## THE PROBLEM
Write out word for word each line of the records, beginning at the first and stopping after the line with "MC Khánh Vy". Leave the pictures out.
--- MATERIAL FOR THIS EXERCISE ---
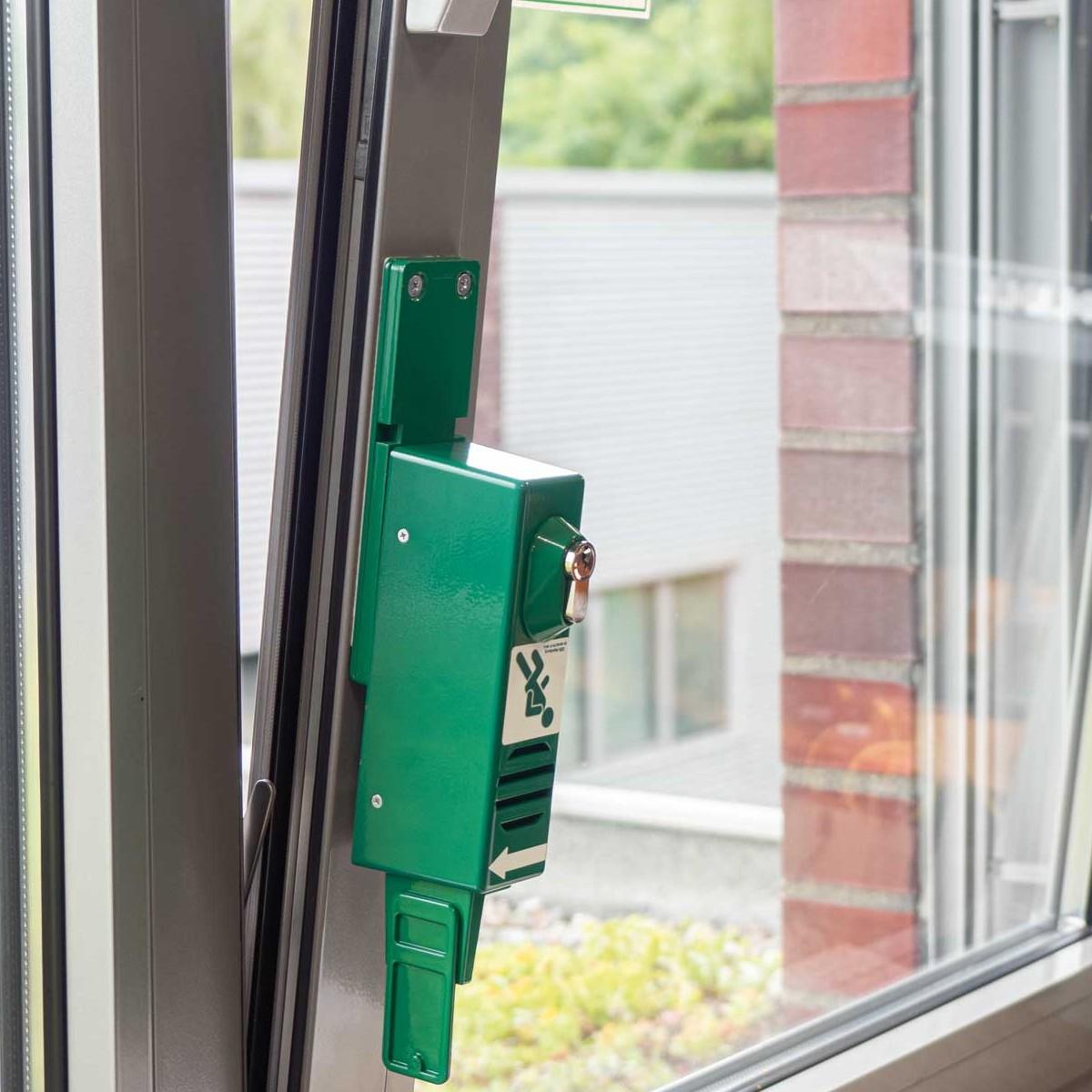 GfS Fensterwächter unterhalb des Fenstergriffs an einer Terrassentür montiert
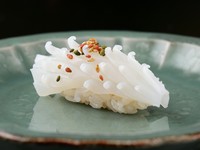 甘みと柔らかさに心酔！口の中で美しくほどける『イカの握り』
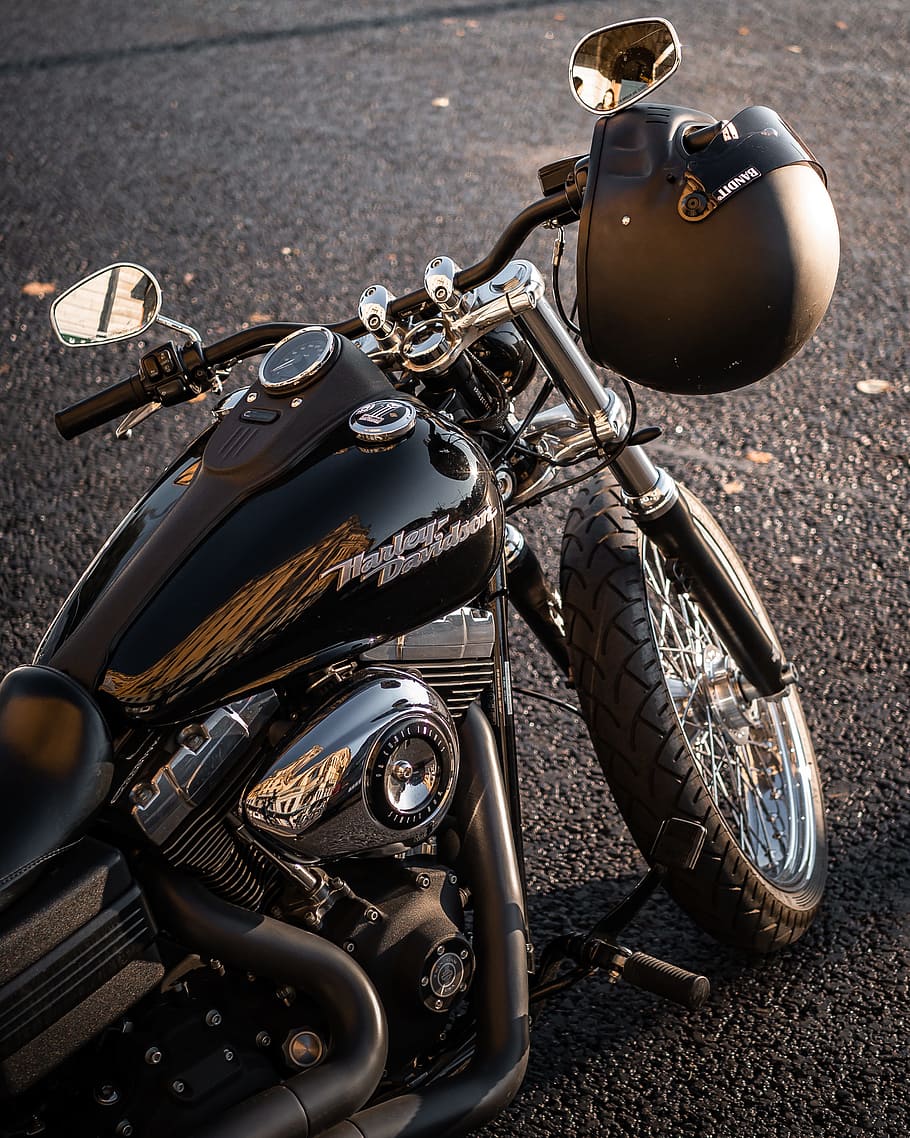 black cruiser motorcycle and full-face helmet, harleydavidson HD wallpaper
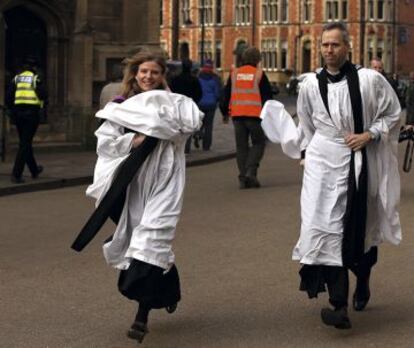 La irrupción de las mujeres en la Iglesia Anglicana como pastoras ha provocado un cambio en el atuendo: las prendas anchas esconden su anatomía.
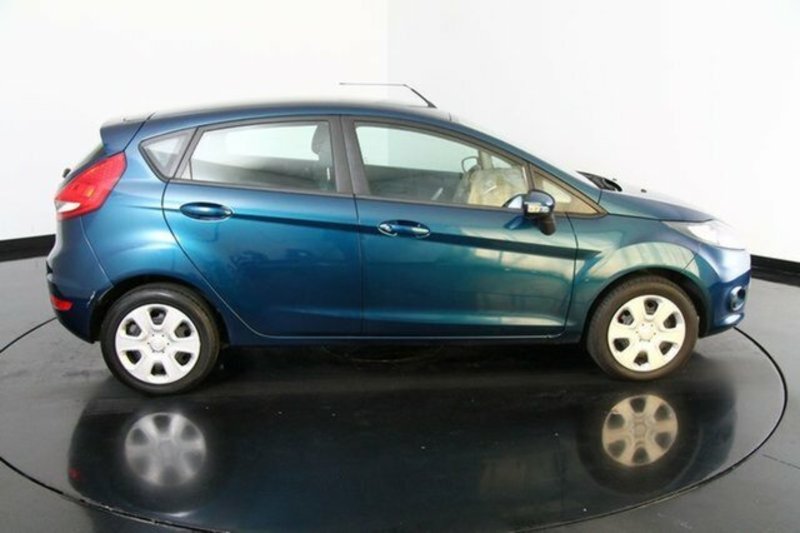 2010 FORD FIESTA LX WS
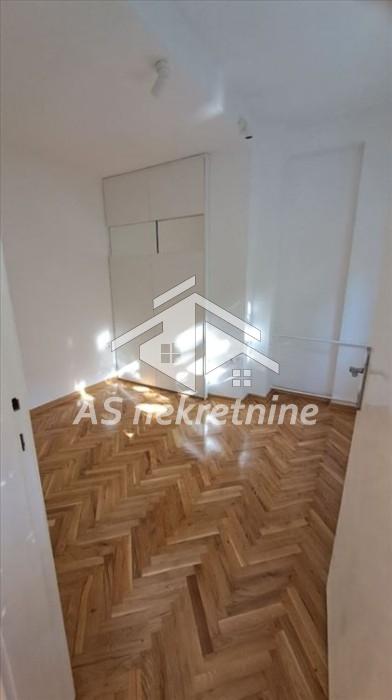 Stan Izdavanje Beograd Dorćol 70 m2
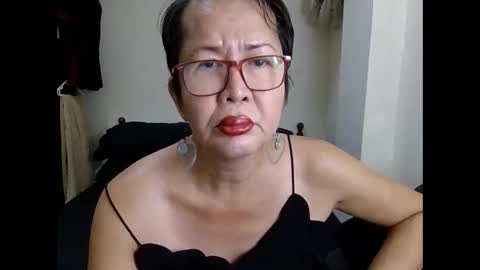 Snapshot of champaka123 chatting on 10/22/25, 02:12 champaka online show from 10/22/25, 02:12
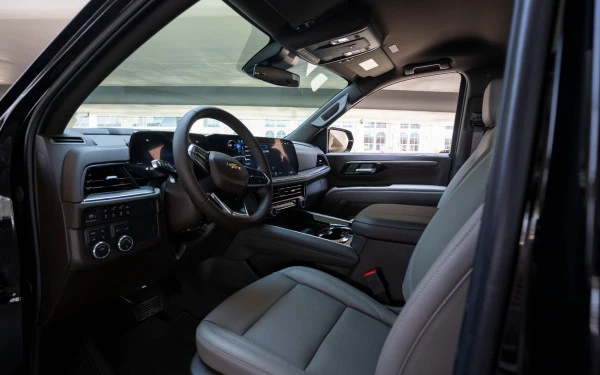 Black Chevrolet Tahoe Photo 7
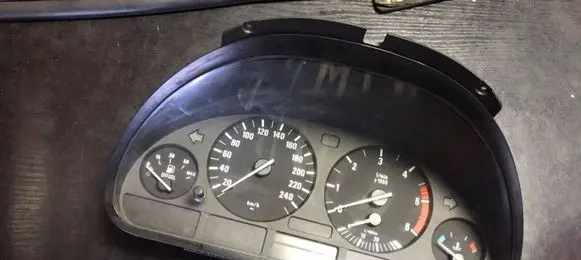BMW 5 E39 Speedometer (instrument cluster) 8381198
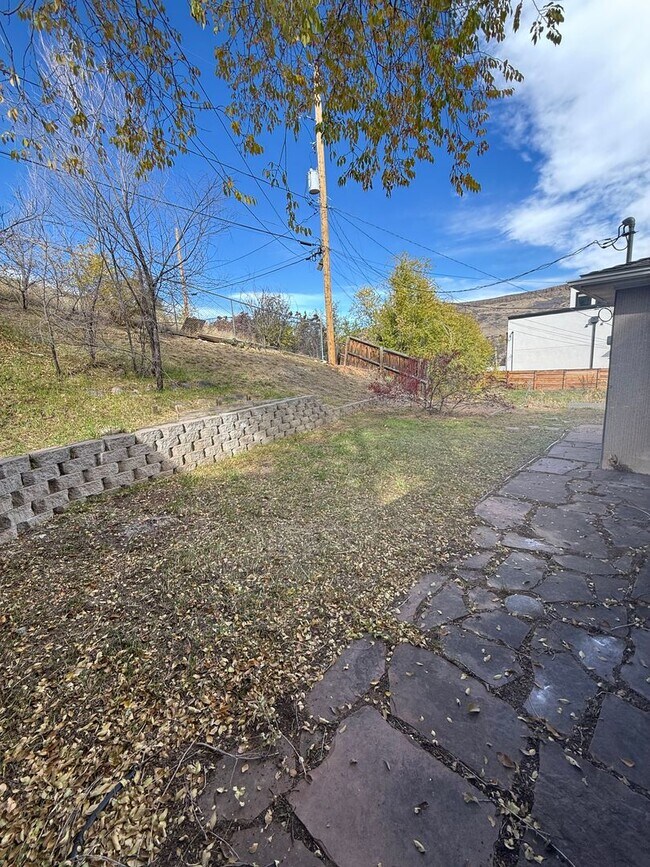 Building Photo - FREE 50in FLAT SCREEN TV Move in Special!!! Cozy 2 Bedroom 1 Bathroom Single Family Residence in ...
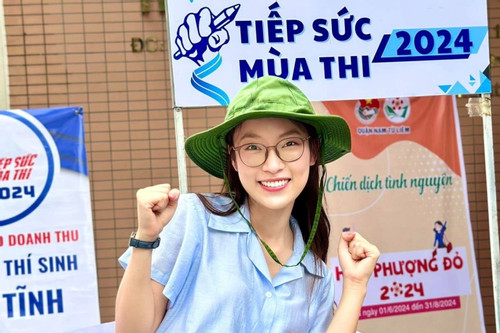 MC Khánh Vy VTV, Phương Mỹ Chi tham gia tiếp sức kỳ thi THPT quốc gia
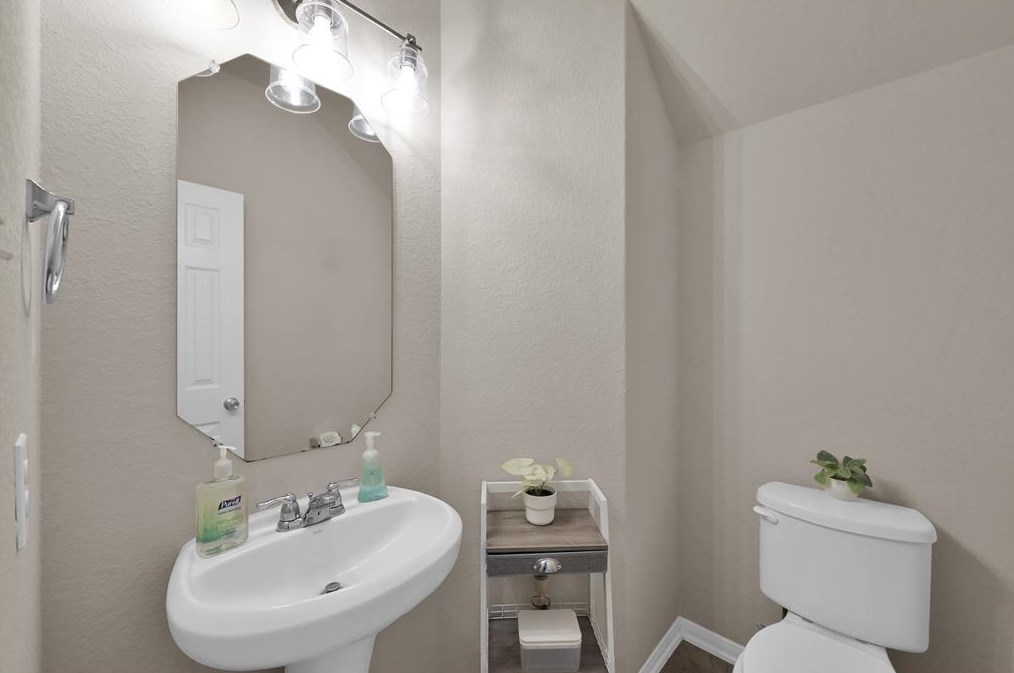 19023 Ashford Sq St, Tomball TX  77375-2523 exterior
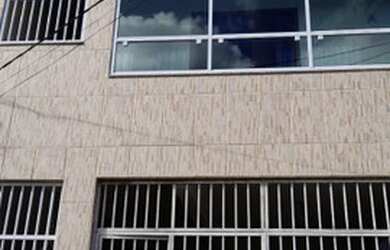 Imagem: A casa possui 3 Dormitórios, 2 Banheiros, 1 Vaga na garagem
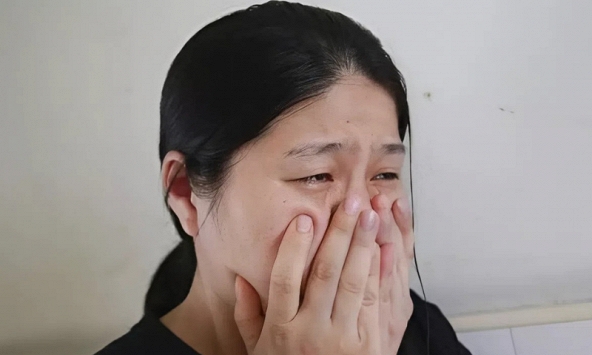 Phụ huynh Hà Nội chết lặng khi phát hiện hành động con trai học lớp 5: Con tôi 'thối não' rồi phải không?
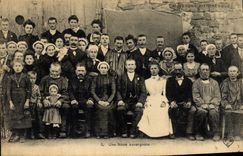 CPA Folklore L'Auvergne Pittoresque une noce Auvergnate Mariage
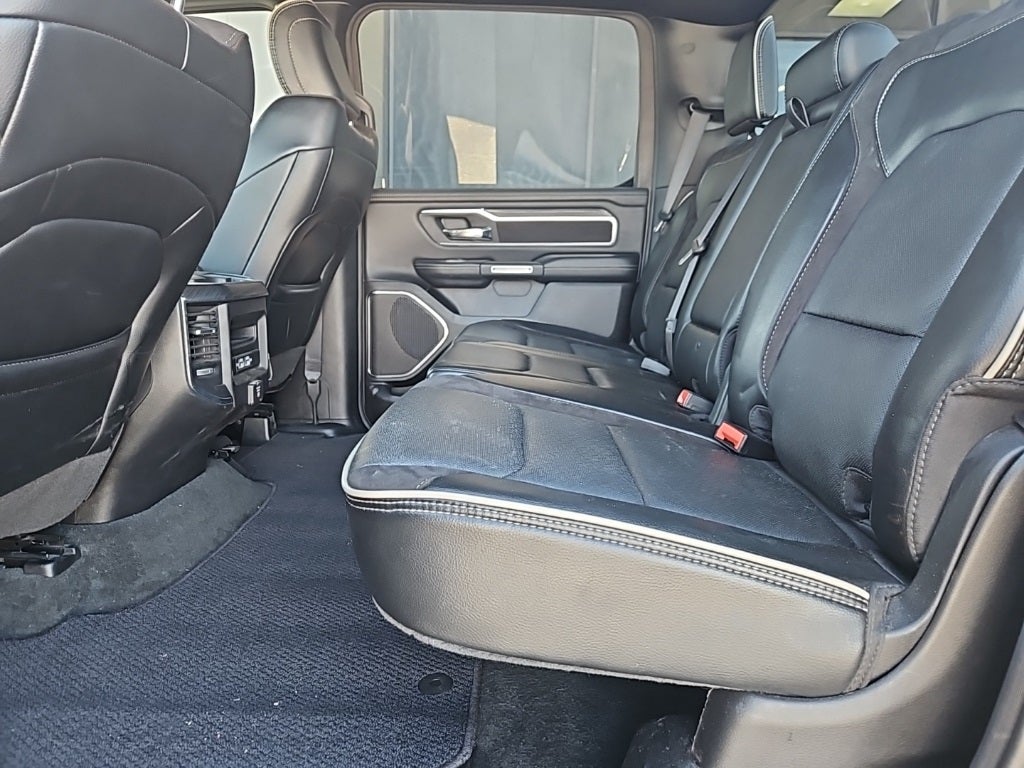 2024 RAM 1500 Laramie Crew Cab 4x2 5'7' Box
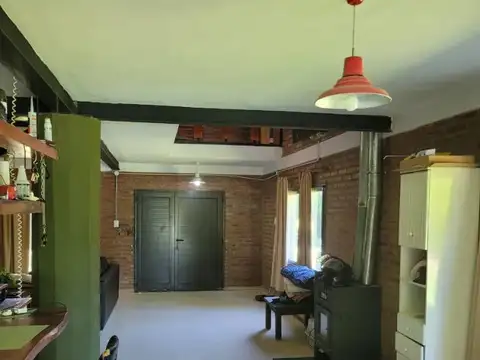 Casa 3 ambientes con 2 baños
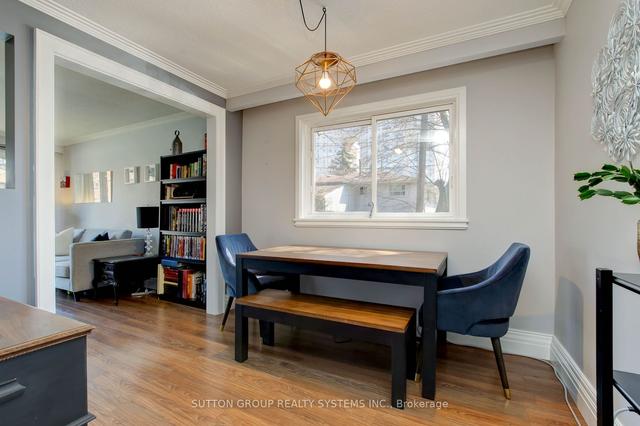 14 Louisa St, House semidetached with 3 bedrooms, 3 bathrooms and 3 parking in Toronto ON | Image 2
---
## RESULT FOR THIS TASK
 GfS Fensterwächter unterhalb des Fenstergriffs an einer Terrassentür montiert
 甘みと柔らかさに心酔！口の中で美しくほどける『イカの握り』
 black cruiser motorcycle and full-face helmet, harleydavidson HD wallpaper
 La irrupción de las mujeres en la Iglesia Anglicana como pastoras ha provocado un cambio en el atuendo: las prendas anchas esconden su anatomía.
 2010 FORD FIESTA LX WS
 Stan Izdavanje Beograd Dorćol 70 m2
 Snapshot of champaka123 chatting on 10/22/25, 02:12 champaka online show from 10/22/25, 02:12
 Black Chevrolet Tahoe Photo 7
BMW 5 E39 Speedometer (instrument cluster) 8381198
 Building Photo - FREE 50in FLAT SCREEN TV Move in Special!!! Cozy 2 Bedroom 1 Bathroom Single Family Residence in ...
 MC Khánh Vy VTV, Phương Mỹ Chi tham gia tiếp sức kỳ thi THPT quốc gia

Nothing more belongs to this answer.